Prompt: The output must match the lines from the first line of the listing below through the line holding "woman wearing a" exactly and must contain no pictures.

Given material:
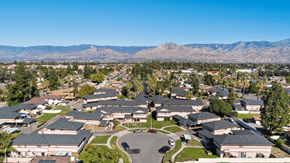 Redlands apartment for rent - A large, well-maintained residential area with houses and a clear sky.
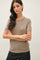 woman wearing a taupe short sleeve knit sweater with a classic crew neck and relaxed fit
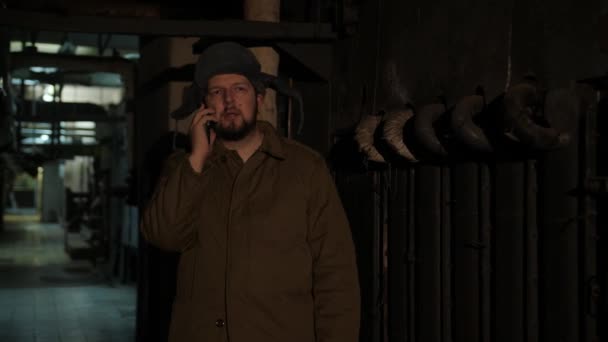Uomo russo in cappello con paraorecchie, che parla al telefono in un seminterrato buio e decide questioni di importanza nazionale . — Video Stock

Exercise result:
 Redlands apartment for rent - A large, well-maintained residential area with houses and a clear sky.
 woman wearing a taupe short sleeve knit sweater with a classic crew neck and relaxed fit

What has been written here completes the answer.